September 10, 2018

Rejuvenation Offers a Peek Into Decades of Design History

Rejuvenation may have gotten its start in antique and vintage lighting restoration over 40 years ago, but the company has established itself as a leader in the modern lighting category. The brand has rolled out some seriously bold and beautiful looks that are informed by the company’s appreciation for the past. 

The majority of Rejuvenation’s lighting, including these Haleigh pendants, are hand-crafted at the brand’s Portland, Oregon factory. Photography courtesy of Rejuvenation.

“Our roots in antiques reinforce how extraordinary elements are critical to infusing a sense of soul into a space,” says Samuel Cochran, industrial designer and engineer for Rejuvenation’s in-house lighting team. Overall, Rejuvenation’s aim is to offer a graceful reflection on how design history can blend with contemporary styles in intriguing ways.

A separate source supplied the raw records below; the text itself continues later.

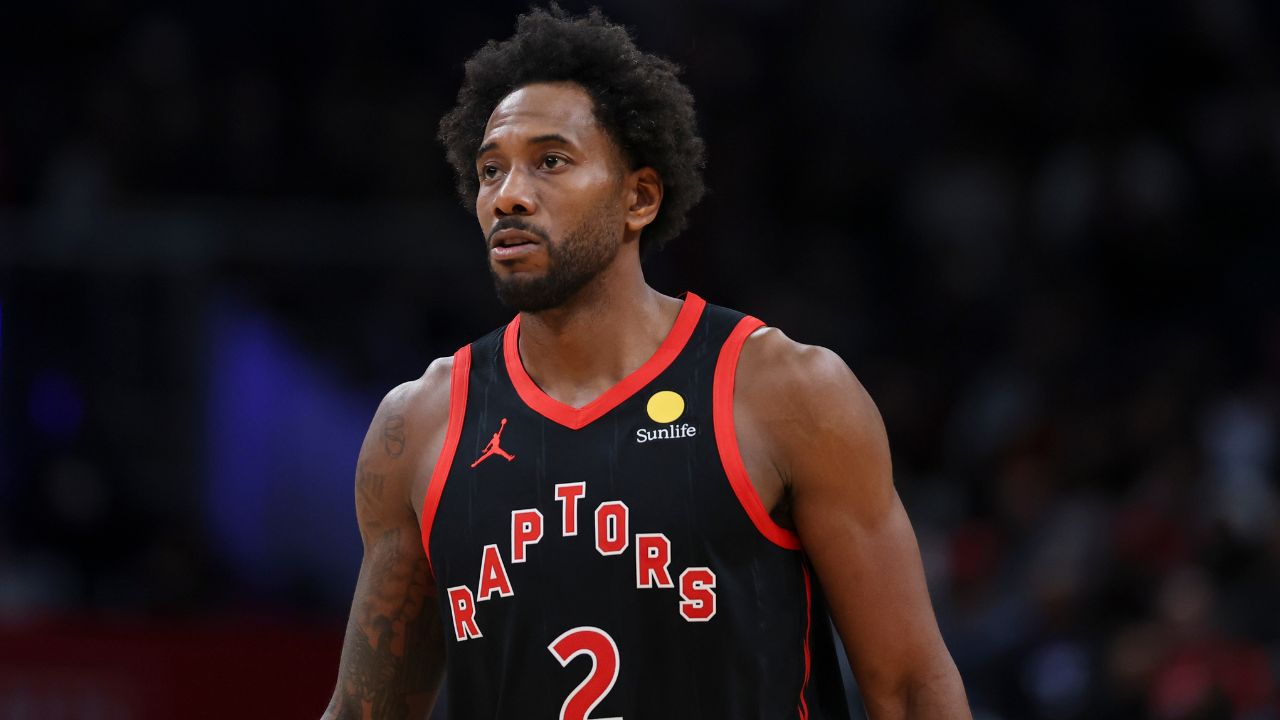 Raptors' Kawhi Leonard out vs. Timberwolves with knee swelling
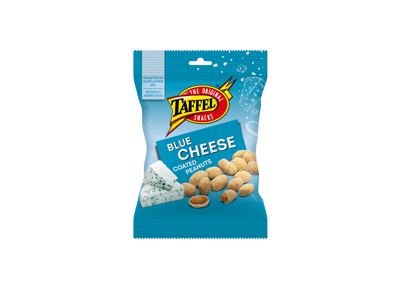 Skrud. žemės riešutai apvalkale TAFFEL BLUE CHEESE, 140 g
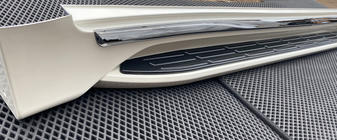 Toyota Land Cruiser 200 2007-2021 Pedane Laterali Exclusive (Design 2021) foto 3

This original 1930’s pendant, crafted from an antique Japanese fishing buoy in John Yeon’s Watzek house, inspired the look of Rejuvenation’s Yeon Globe Pendant. Photography courtesy of Rejuvenation.

For example, one of Rejuvenation’s signature looks, Northwest Modern, takes cues from the Watzek House by Pacific Northwest modernist architect John Yeon. The Rejuvenation team looked at how Yeon embraced the local area’s famed natural beauty in the design of the structure. “We have since developed this into a distinctive style with inspiration from our surroundings and close relationship to nature,” says Cochran. “This comes out in the product through clean modern proportions and the use of natural materials like hardwoods and living finishes that patina over time.”

The factory is also the site of Rejuvenation’s customization program, which is one of the most extensive on the market. Designers can select from hundreds of designs, finishes, drop lengths, and shades to create a fixture that’s perfect for their space. Photography courtesy of Rejuvenation.

Many of Rejuvenation’s present-day offerings echo the manufacturer’s historical expertise in making period-specific luminaires. To do this, the team frequently pulls inspiration and ideas from an in-house archive of design catalogs and periodicals, some dating as far back as the mid-1800’s. All manner of residential architecture styles, like the aforementioned Pacific Northwest Modern Watzek House or a New England Victorian aesthetic, are incorporated and reimagined, too. 

Sometimes a more personal interpretation of the past can inform a design. For instance, Cochran used a childhood memory of his coastal hometown while coming up with the form of the Adriatic ceiling light, which debuted this week. He was inspired by the way waves intermingle in the surf when they crash, creating beautiful patterns that bend, reflect, and refract light. He used that memory to create an utterly unique product that dapples a room with an aqueous and dreamy vibe. 

This range of influences in Rejuvenation’s portfolio focuses on what Cochran calls a “mix of eclecticism within interiors.” “Our offerings are authentically eclectic because for years we’ve developed products rooted in decades of designs and a special sensitivity to all the different directions inspiration can come from.”

Rejuvenation is a subsidiary of Williams-Sonoma, Inc.